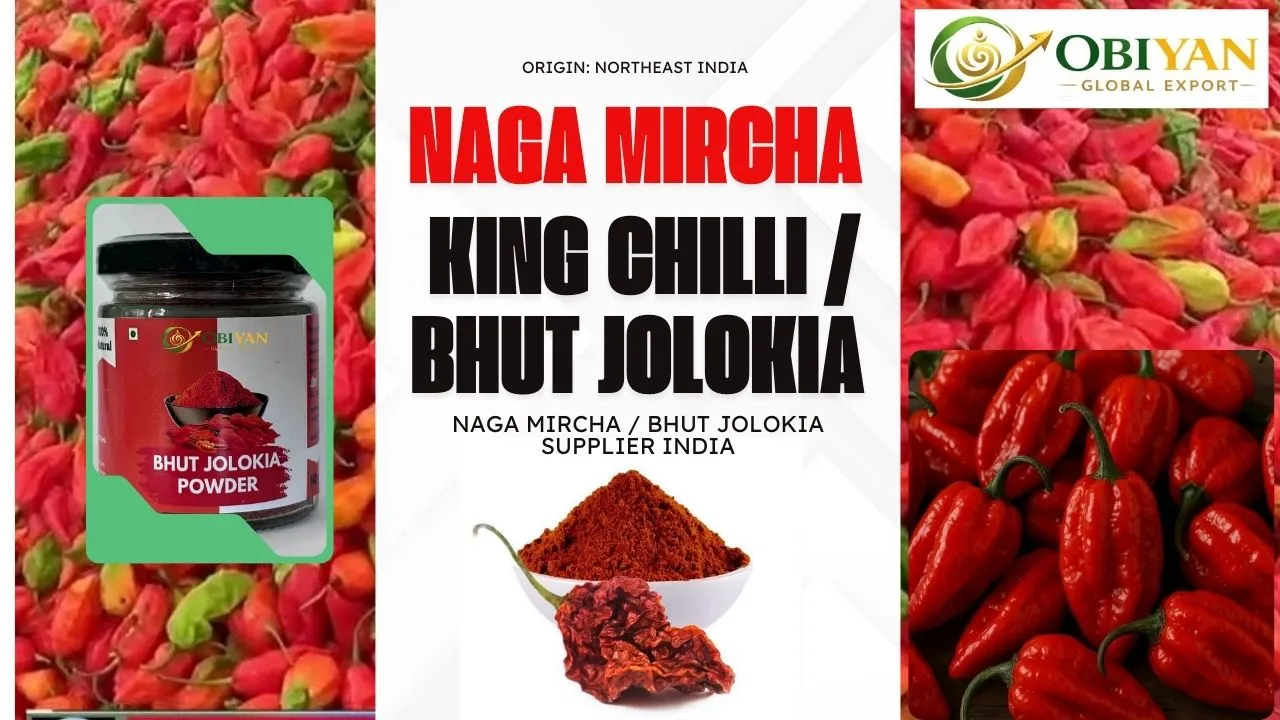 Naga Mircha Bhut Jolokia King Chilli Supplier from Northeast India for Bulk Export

--

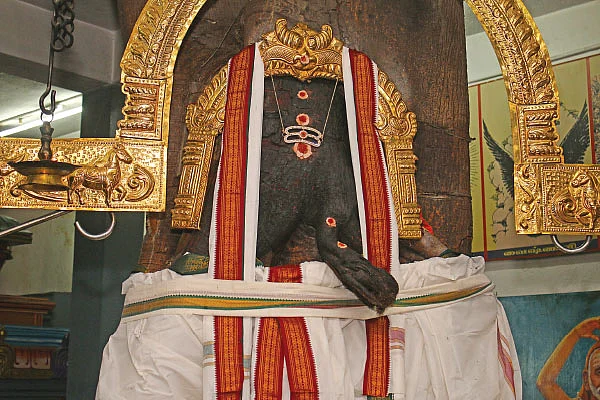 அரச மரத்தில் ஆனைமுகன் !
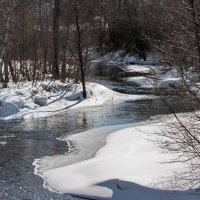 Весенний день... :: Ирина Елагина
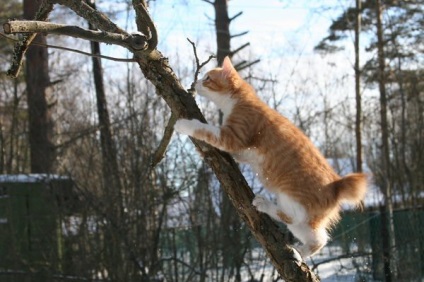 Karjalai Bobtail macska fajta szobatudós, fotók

* * *

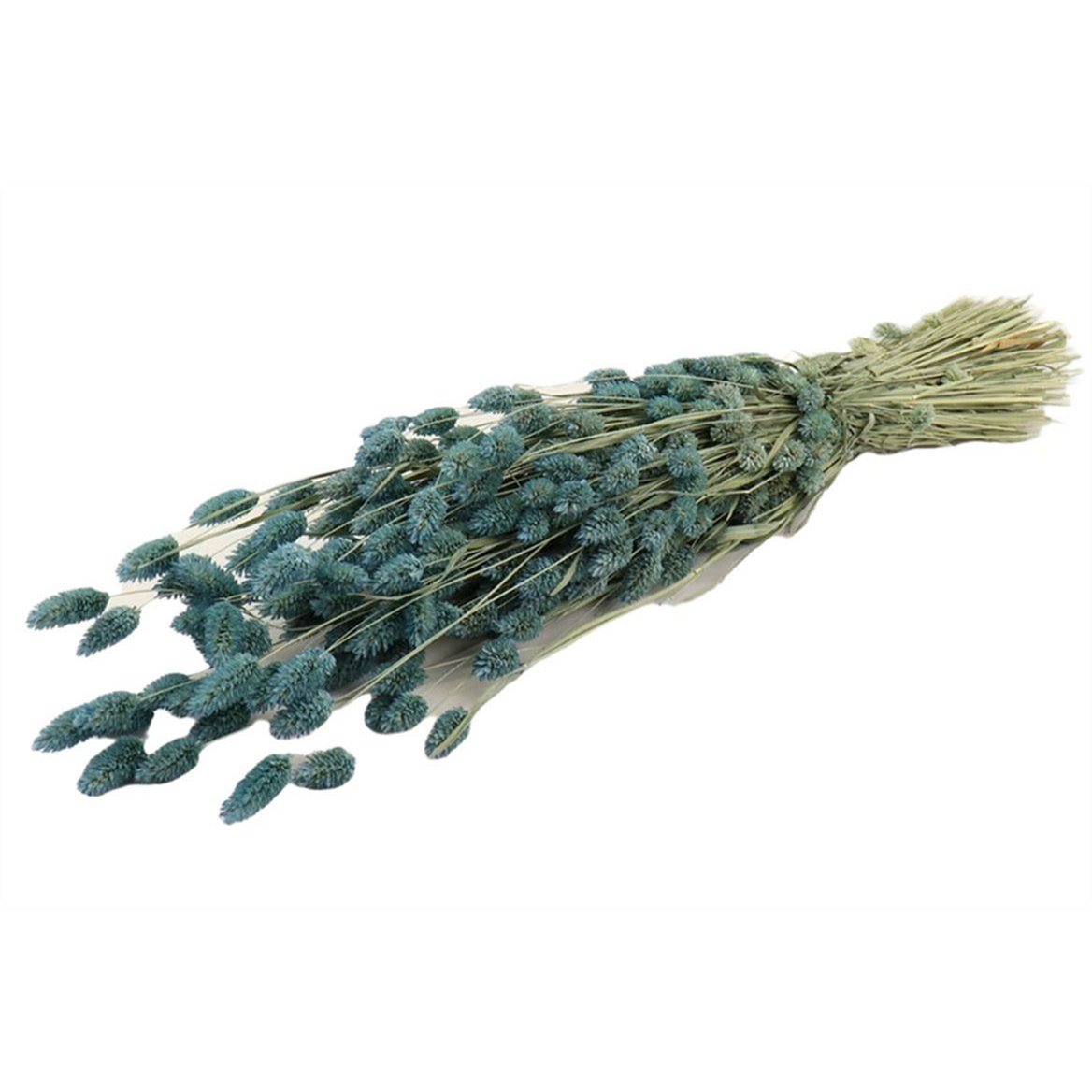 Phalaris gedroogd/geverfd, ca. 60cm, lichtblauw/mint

DIRECTIONS FOR THIS TASK
Extract from the material above the stretch running from the line containing "Весенний день... :: Ирина Елагина" through the line containing "Karjalai Bobtail macska". Keep the text exact and the pictures out.

SOLUTION FOR THIS EXERCISE
 Весенний день... :: Ирина Елагина
 Karjalai Bobtail macska fajta szobatudós, fotók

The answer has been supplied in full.